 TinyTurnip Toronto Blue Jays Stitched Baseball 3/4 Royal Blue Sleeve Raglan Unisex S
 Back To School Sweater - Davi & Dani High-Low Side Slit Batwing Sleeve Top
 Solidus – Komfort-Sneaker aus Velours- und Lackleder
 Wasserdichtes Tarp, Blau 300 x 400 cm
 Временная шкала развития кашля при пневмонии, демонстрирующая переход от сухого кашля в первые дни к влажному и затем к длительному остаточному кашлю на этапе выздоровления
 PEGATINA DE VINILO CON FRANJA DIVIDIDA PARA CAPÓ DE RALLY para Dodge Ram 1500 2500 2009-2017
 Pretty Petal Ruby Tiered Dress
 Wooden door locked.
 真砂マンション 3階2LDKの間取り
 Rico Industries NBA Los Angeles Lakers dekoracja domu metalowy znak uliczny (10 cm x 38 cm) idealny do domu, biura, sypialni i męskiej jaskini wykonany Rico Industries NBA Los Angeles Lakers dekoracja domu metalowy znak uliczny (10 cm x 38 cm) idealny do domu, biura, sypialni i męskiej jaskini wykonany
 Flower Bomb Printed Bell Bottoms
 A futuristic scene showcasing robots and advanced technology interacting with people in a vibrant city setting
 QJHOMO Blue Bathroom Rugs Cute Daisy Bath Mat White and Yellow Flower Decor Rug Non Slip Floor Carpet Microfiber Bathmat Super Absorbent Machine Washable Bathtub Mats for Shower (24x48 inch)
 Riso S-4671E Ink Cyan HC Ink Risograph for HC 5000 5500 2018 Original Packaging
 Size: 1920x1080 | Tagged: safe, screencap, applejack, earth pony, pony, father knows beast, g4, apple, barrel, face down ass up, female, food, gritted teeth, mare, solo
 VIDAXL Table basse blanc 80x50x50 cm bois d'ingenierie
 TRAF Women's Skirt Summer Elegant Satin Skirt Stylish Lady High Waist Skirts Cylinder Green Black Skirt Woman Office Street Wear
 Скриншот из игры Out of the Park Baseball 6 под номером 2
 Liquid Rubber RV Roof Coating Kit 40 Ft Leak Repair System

[Work to be completed]
What you write should match, character for character, the lines from the one with "Wooden door locked." to the end of the data, both included.

[Answer]
 Wooden door locked.
 真砂マンション 3階2LDKの間取り
 Rico Industries NBA Los Angeles Lakers dekoracja domu metalowy znak uliczny (10 cm x 38 cm) idealny do domu, biura, sypialni i męskiej jaskini wykonany Rico Industries NBA Los Angeles Lakers dekoracja domu metalowy znak uliczny (10 cm x 38 cm) idealny do domu, biura, sypialni i męskiej jaskini wykonany
 Flower Bomb Printed Bell Bottoms
 A futuristic scene showcasing robots and advanced technology interacting with people in a vibrant city setting
 QJHOMO Blue Bathroom Rugs Cute Daisy Bath Mat White and Yellow Flower Decor Rug Non Slip Floor Carpet Microfiber Bathmat Super Absorbent Machine Washable Bathtub Mats for Shower (24x48 inch)
 Riso S-4671E Ink Cyan HC Ink Risograph for HC 5000 5500 2018 Original Packaging
 Size: 1920x1080 | Tagged: safe, screencap, applejack, earth pony, pony, father knows beast, g4, apple, barrel, face down ass up, female, food, gritted teeth, mare, solo
 VIDAXL Table basse blanc 80x50x50 cm bois d'ingenierie
 TRAF Women's Skirt Summer Elegant Satin Skirt Stylish Lady High Waist Skirts Cylinder Green Black Skirt Woman Office Street Wear
 Скриншот из игры Out of the Park Baseball 6 под номером 2
 Liquid Rubber RV Roof Coating Kit 40 Ft Leak Repair System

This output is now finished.